Thursday, 25 February 2010

Sweet Thursday!

Thursday 11:10 a.m.
I wasn't ready to meditate this morning till 9 a.m. Then In Our Time came on Radio 4. Best of radio shows! Anyway, this week they were discussing Calvinism and since so many of my fellow countrymen have been irrevocable damaged by the heavy duty, Calvinist toilet training regimes, I thought I'd listen on. No mention of the bliss whatsoever. Just another example of the load of bull folk can come up with when they try to apply logic and intellect to concepts like God, which is basically beyond conceptualisation if it's anything at all. Christ should have stuck it into the Sermon on the Mount. And ye who think ye are smart will end up talking a lot of crap!

Anyway, the bliss started to come on as I sat there listening. You just have to sit still these days and something starts to happen. I noticed this beginning about seventeen years ago when I was in the usual boring menial jobbie and realised I could bring something on by gazing at the green dot on the computer monitor. Before then I'd always meditated with my eyes closed. The beginning of liberation, so it was!

Half eleven in the morning is one of my favourite times for meditating. Don't know why it's so good, but it usually is.
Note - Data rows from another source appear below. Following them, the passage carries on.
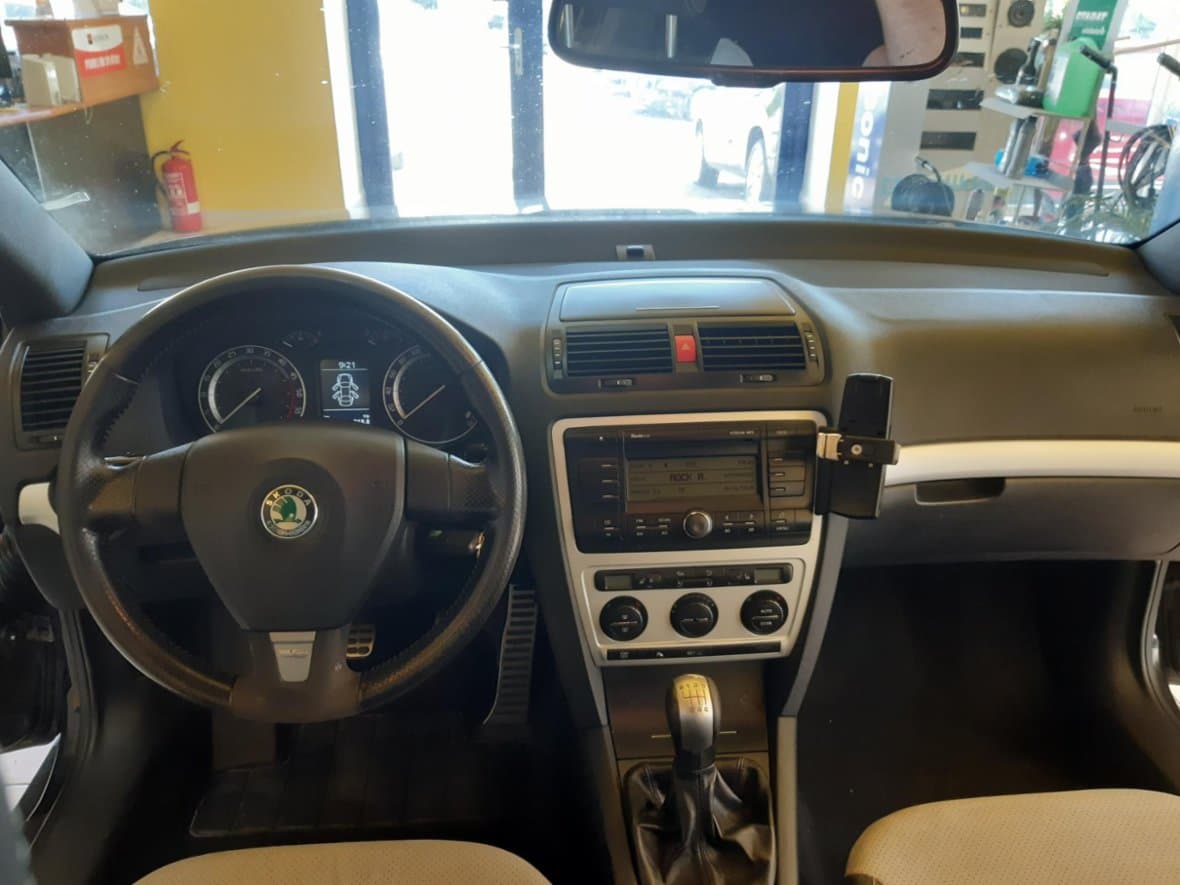 2007 Škoda OCTAVIA - 9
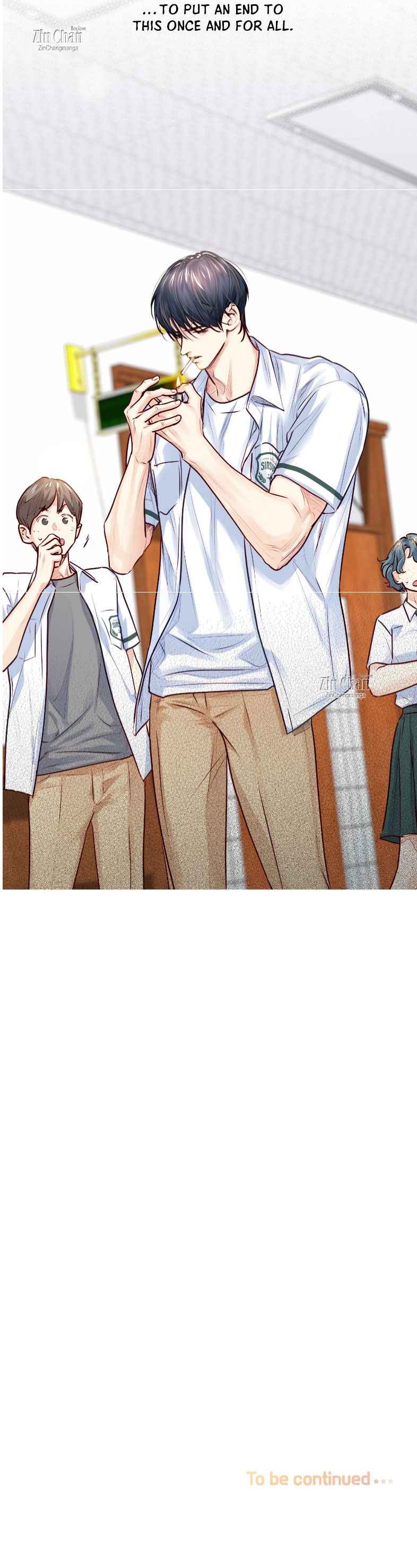 Love Is An Illusion Chapter 149.5 - Page 12 in English
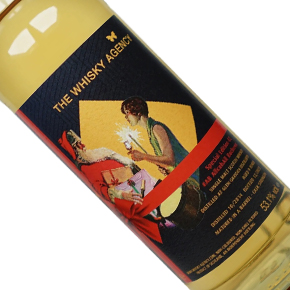 The Whisky Agency-"Glen Garioch 2014" Aged 9 Years Single Malt Scotch Whisky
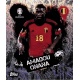 Amadou Onana Artist Bélgica BEL 3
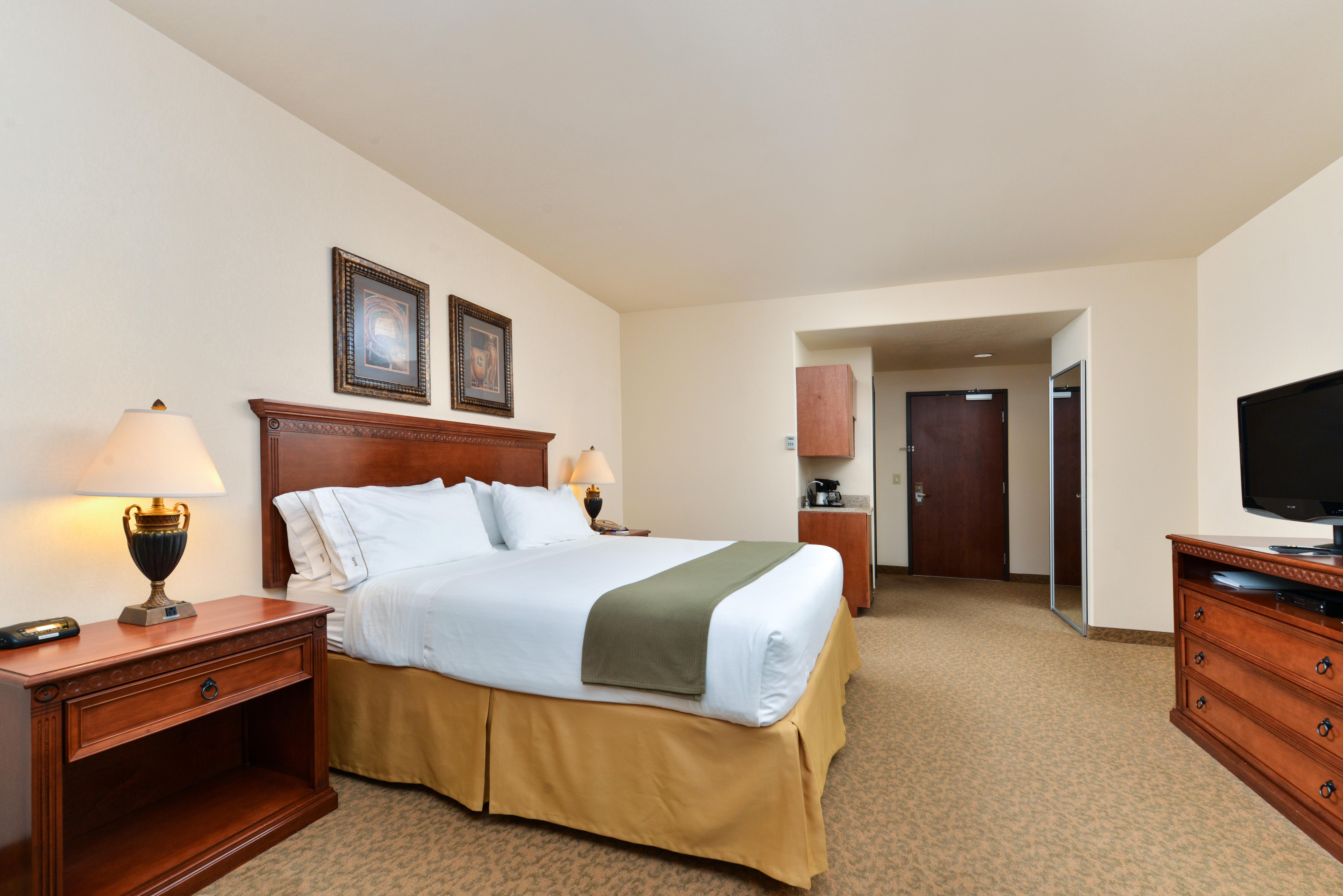 Holiday Inn Express Hotel & Suites Las Cruces By Ihg Exterior foto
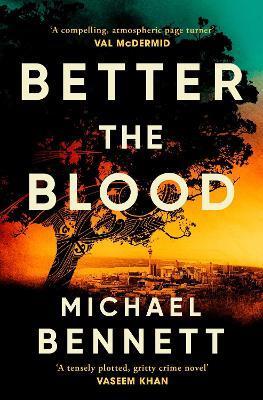 Cover of Better the Blood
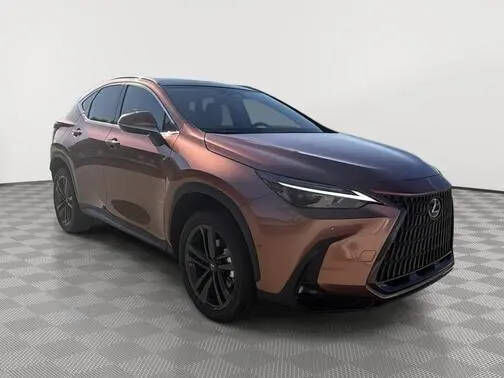 2026 LEXUS NX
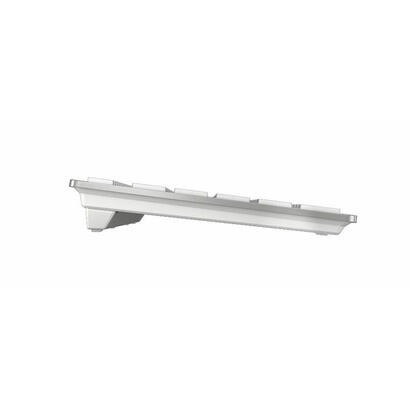 cherry-desktop-dw-9100-slim-ch-wl-aes-silverwhite-bt-lithium-akku-wochenlange-nutzung-ohne-aufladung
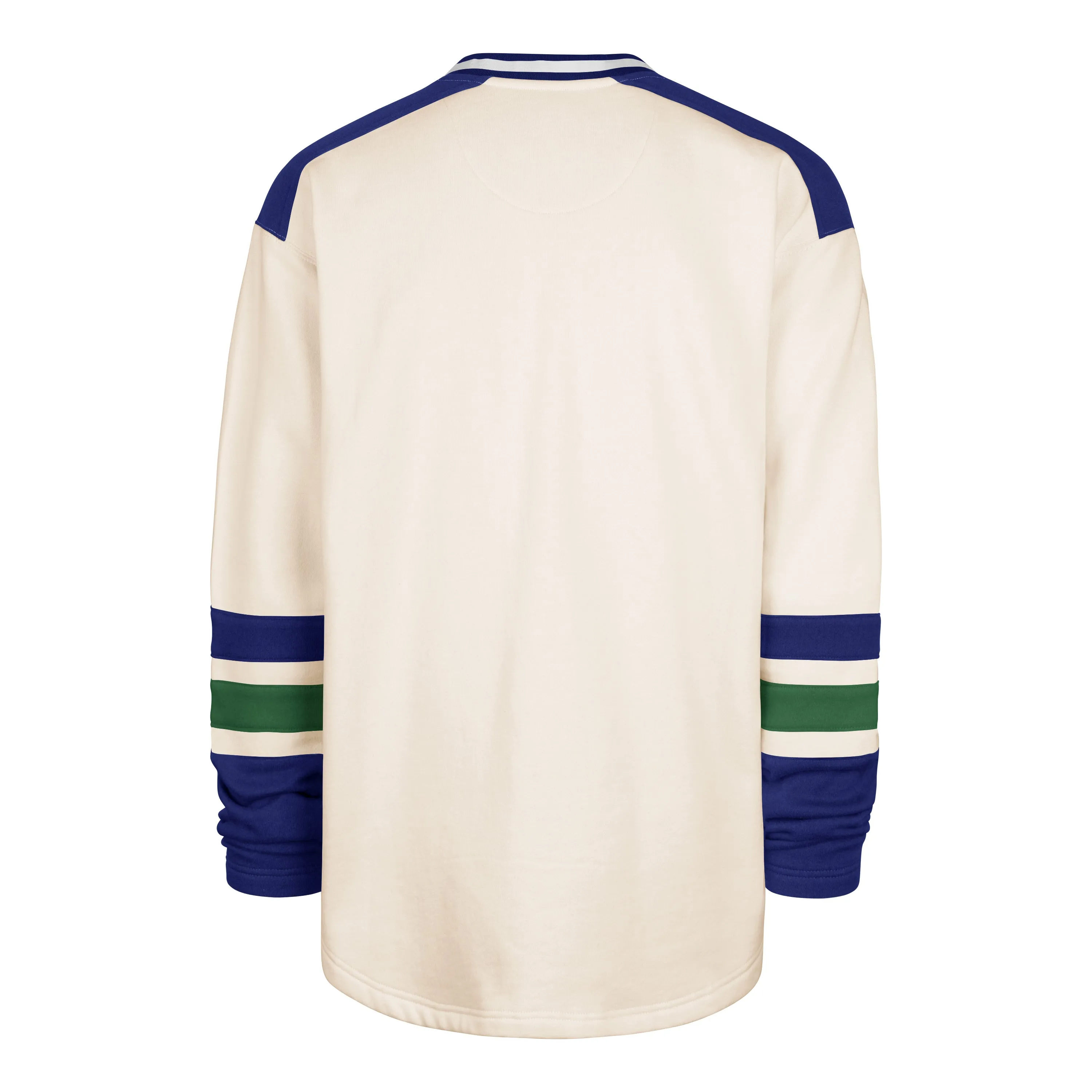 HARTFORD WHALERS VINTAGE BENCHMARK NETMINDER '47 PULLOVER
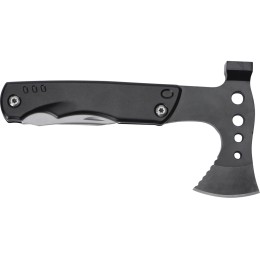 Топор-мультитул 7-в-1 Stalk, черный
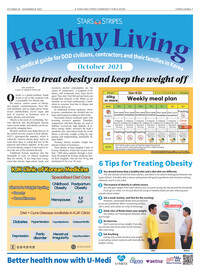 Healthy Living – Korea cover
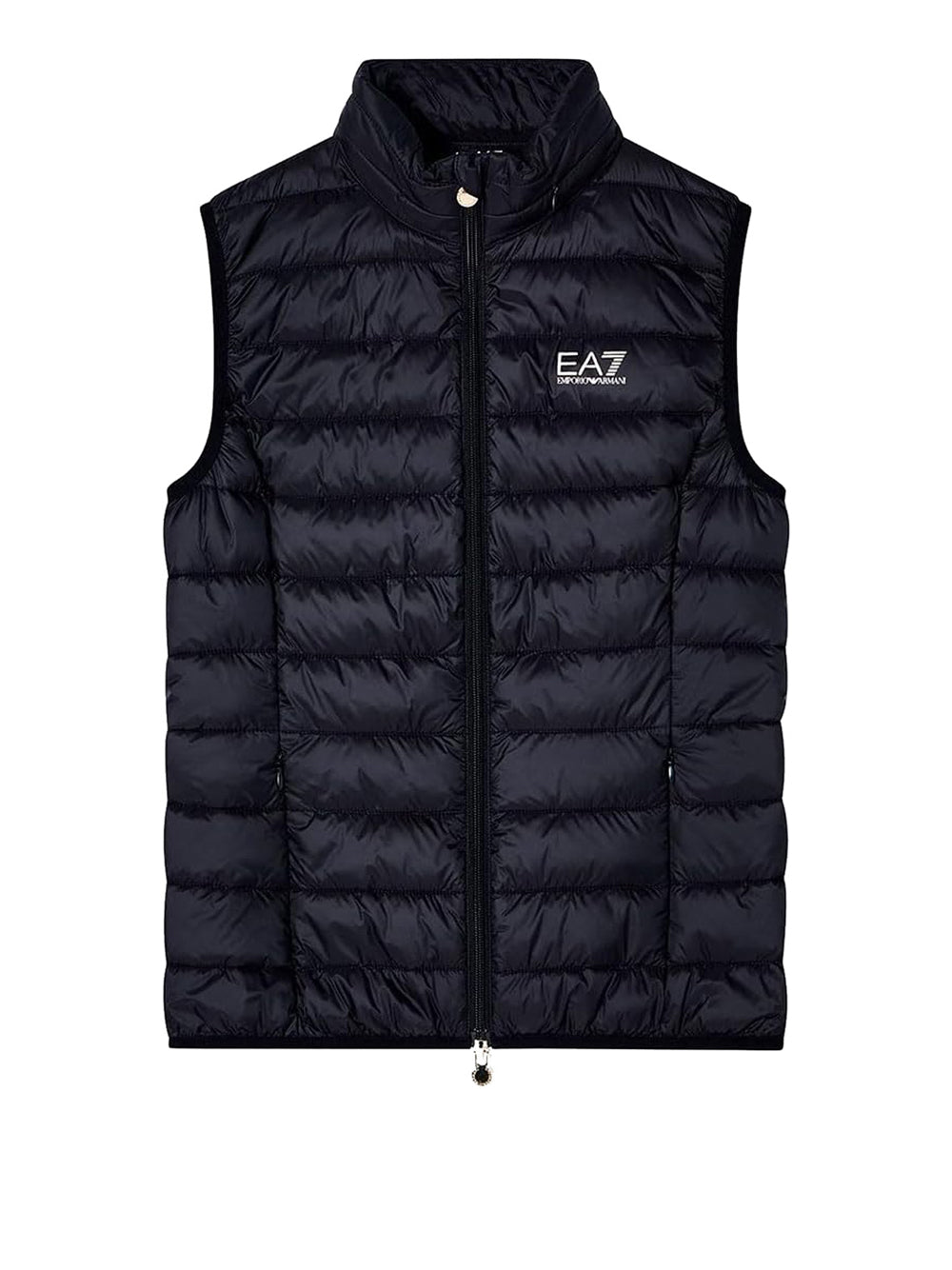 EA7 Gilet Donna - Nero modello 7W000472AF12477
Today is all mine again! Tomorrow is for the auld maw and on Saturday I have to go to London to see the kiddo again. But today is mine. Hurrah!

2:50 p.m.
I must have put in more than four hours today so far. I haven't been out. It looks like a horrible wet day out there, but I'll have to go try to buy some running shoes. Bliss has been great and in bucketloads, but my concentration isn't fantastic today. Not much heat in the afternoon!

8:45 p.m.
I'm knackered so I'm giving up the bliss and taking to the piss. Bought a bottle of plonko collapso on the way back from buying the running shoes, which I got with Popeye's birthday present. I would have done better today, of course, if I hadn't drank four bottles of Erdinger last night. Oh, well. Probably managed over six hours sitting today. Could do better with less tiredness and better levels of concentration. Tomorrow on the train to the auld maw's will be great though. Everything does get better. It really does. Hurrah.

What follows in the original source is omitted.